**DATASET SECTION**
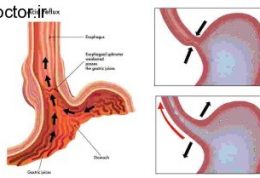 ریفلاکس و متد جدید درمانی برای آن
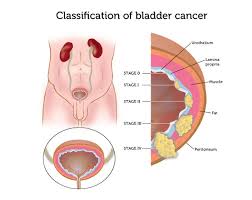 A procedure that makes a series of detailed pictures of areas inside the body. How We Diagnose Bladder Cancer Dana Farber Cancer Institute Boston Ma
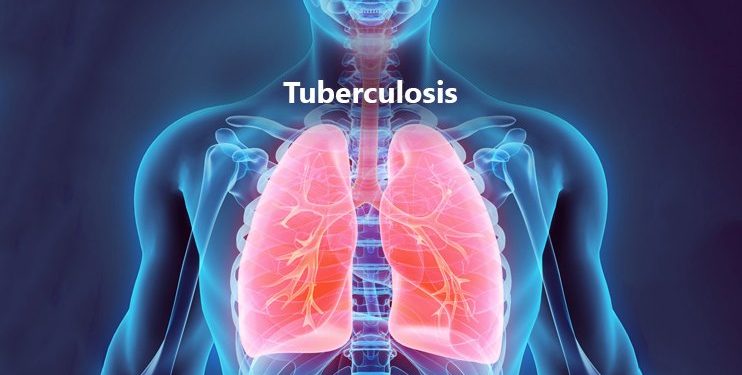Health Commissioner educates citizens on tuberculosis prevention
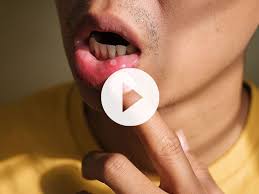 canker sores aphthous ulcer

**REQUIRED WORK**
Write out exactly the lines from the line that contains "Health Commissioner educates" to the last line of the material above, both included; pictures do not belong in the copy.

**EXERCISE ANSWER**
Health Commissioner educates citizens on tuberculosis prevention
 canker sores aphthous ulcer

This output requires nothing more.